The uptick in attacks supports the conclusions of an EU Agency for Fundamental Rights study released in December, which found that the continent's Jewish communities were more concerned about anti-Semitism than they had been in years.
The poll collected opinion from 16,000 Jewish people across 12 nations, discovering a fear that anti-Semitism was being normalized and spreading. Around 30 percent of respondents had suffered anti-Semitic harassment, and 90 percent believed anti-Semitism in Europe was getting worse.
More than one-third had considered leaving their country of residence out of fear of anti-Semitism, while around the same number had avoided Jewish sites or events due to safety concerns. Eight out of 10 respondents said they would not even report minor anti-Semitic incidents as they didn't think it would change anything.
But non-Jewish communities appear to be taking anti-Semitism less seriously than in the past, and many are entirely unaware that Jewish compatriots feel increasingly under threat.
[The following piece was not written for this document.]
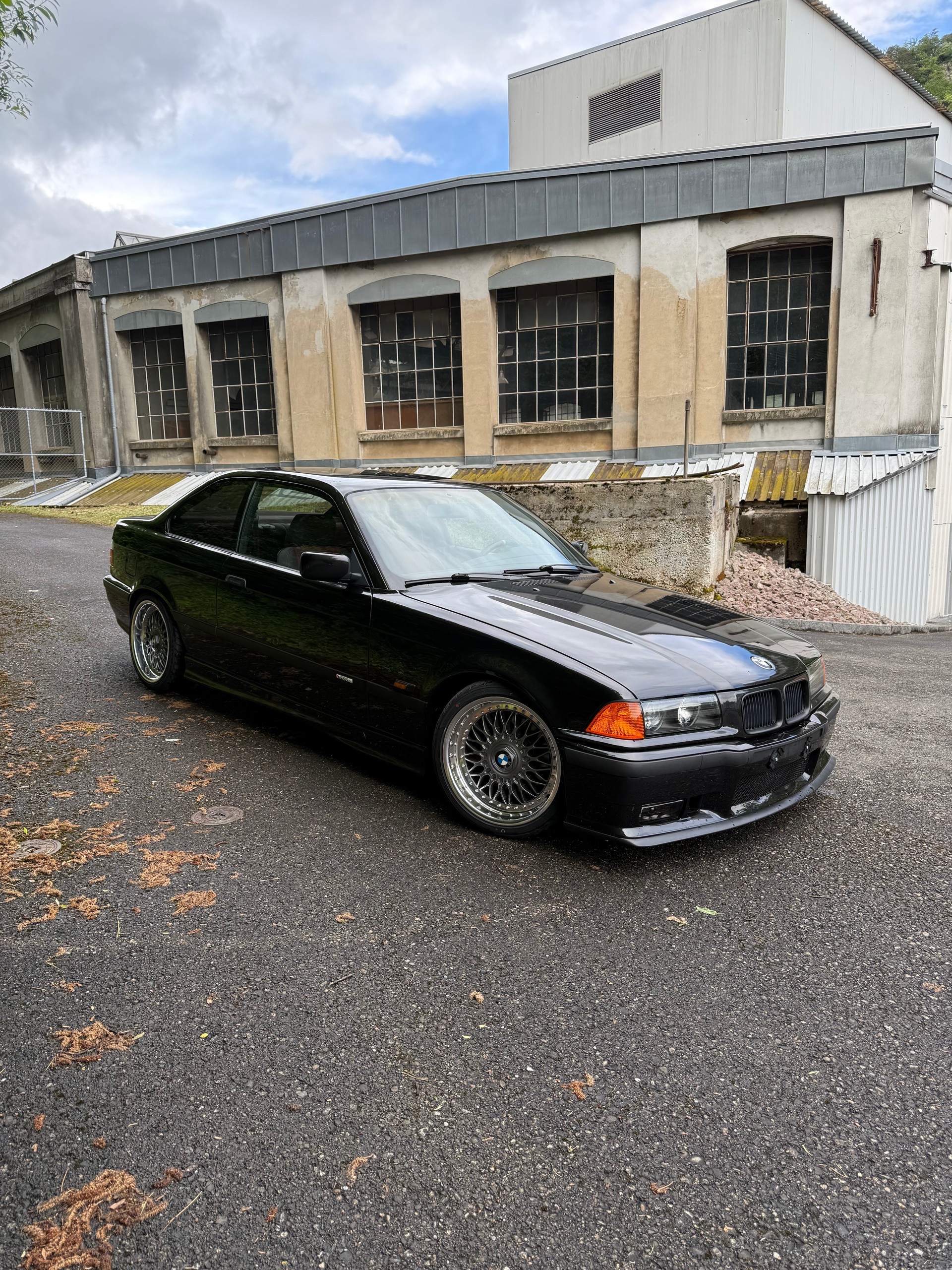 BMW 325i Coupé-image-1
A Eurobarometer poll produced by the EU Commission in January found that only 36 percent of non-Jewish respondents across all 28 EU nations felt anti-Semitism was on the rise.
The study also found that non-Jewish citizens of countries with the largest Jewish communities were most concerned about anti-Semitism, with Sweden and France as particular standouts.
Another survey conducted by CNN indicated that a significant number of non-Jews still exhibited anti-Semitic prejudices and bought into historic conspiracy theories.
For example, more than 20 percent of 7,000 Europeans surveyed in Austria, France, Germany, the U.K., Hungary, Poland and Sweden still believed Jewish people had too much influence over finance and politics. Almost a quarter said Jews were too involved in conflicts and wars across the world.
Thirty two percent believed Jewish people had exploited the Holocaust—in which around 6 million Jews were murdered by the Axis powers in World War II—to "advance their position." Another 34 percent said they knew little or nothing about the Holocaust.
A combination of factors has likely caused the uptick in anti-Jewish prejudice. These include the worsening conflict in the Middle East that has led to increased anti-Israeli and anti-American sentiment—particularly among European Muslims—while the rise of right-wing populist parties across the continent has seemingly encouraged those with extreme views to be more openly intolerant, The Guardian reported.